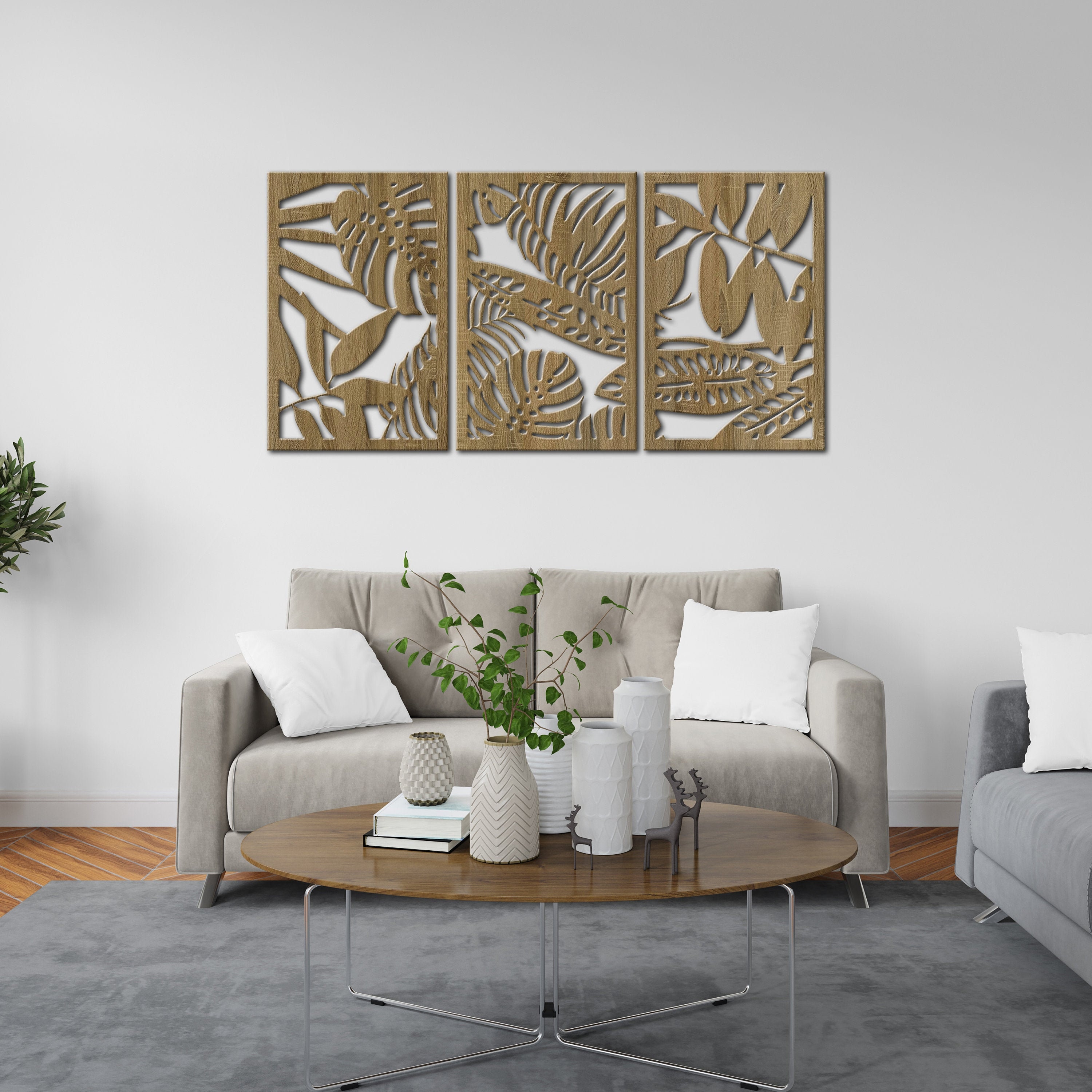 Wood Wall Art Panel, Palm Leaves Wall Art, Wood Wall Decor, Wooden Wall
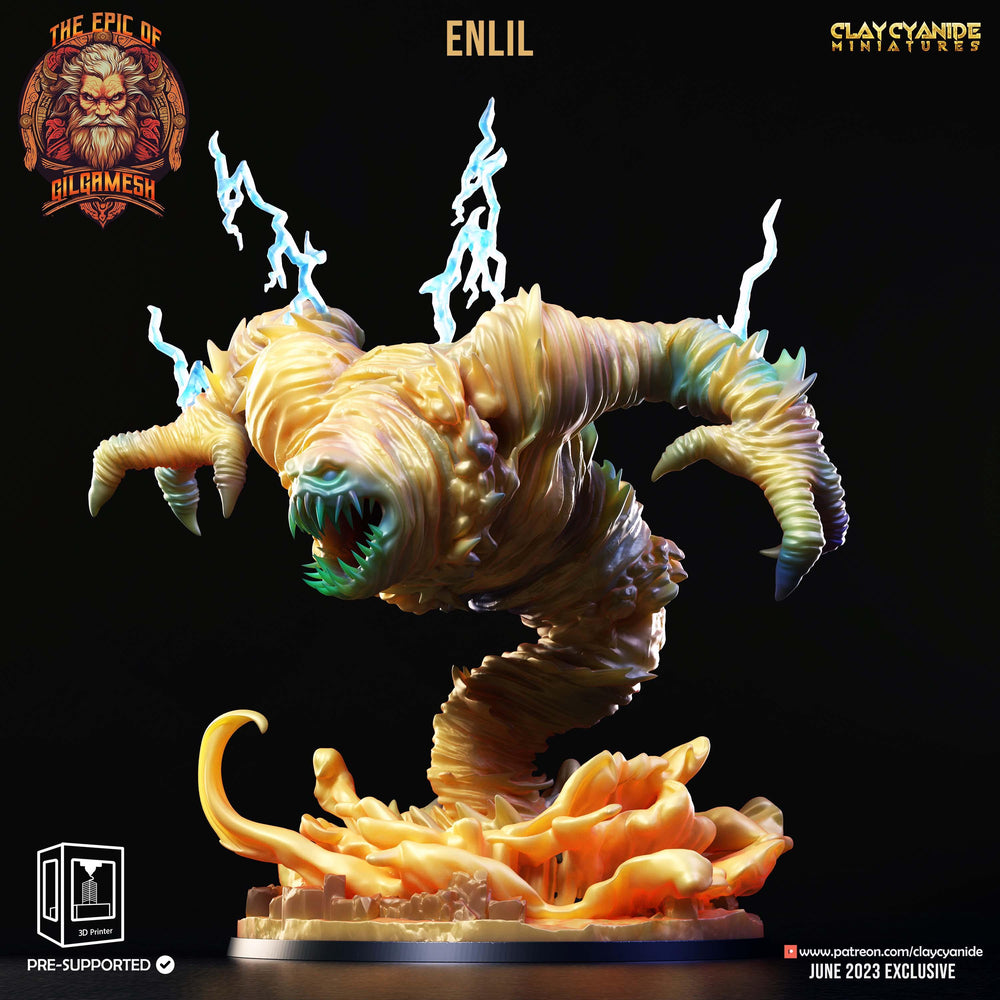 3D Printed Clay Cyanide Epic of Gilgamesh Set Enlil 28 32 mm D&D (Online Only)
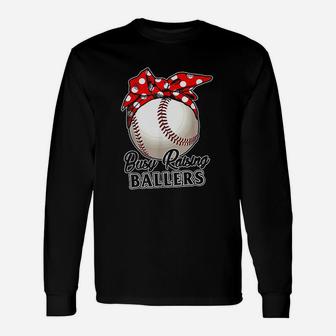 Busy Raising Ballers Softball Baseball Long Sleeve T-Shirt - Thegiftio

■ **Work to complete**
What you return should be the full listing, unchanged, minus the pictures.

■ **Answer section**
 Wood Wall Art Panel, Palm Leaves Wall Art, Wood Wall Decor, Wooden Wall
 3D Printed Clay Cyanide Epic of Gilgamesh Set Enlil 28 32 mm D&D (Online Only)
 Busy Raising Ballers Softball Baseball Long Sleeve T-Shirt - Thegiftio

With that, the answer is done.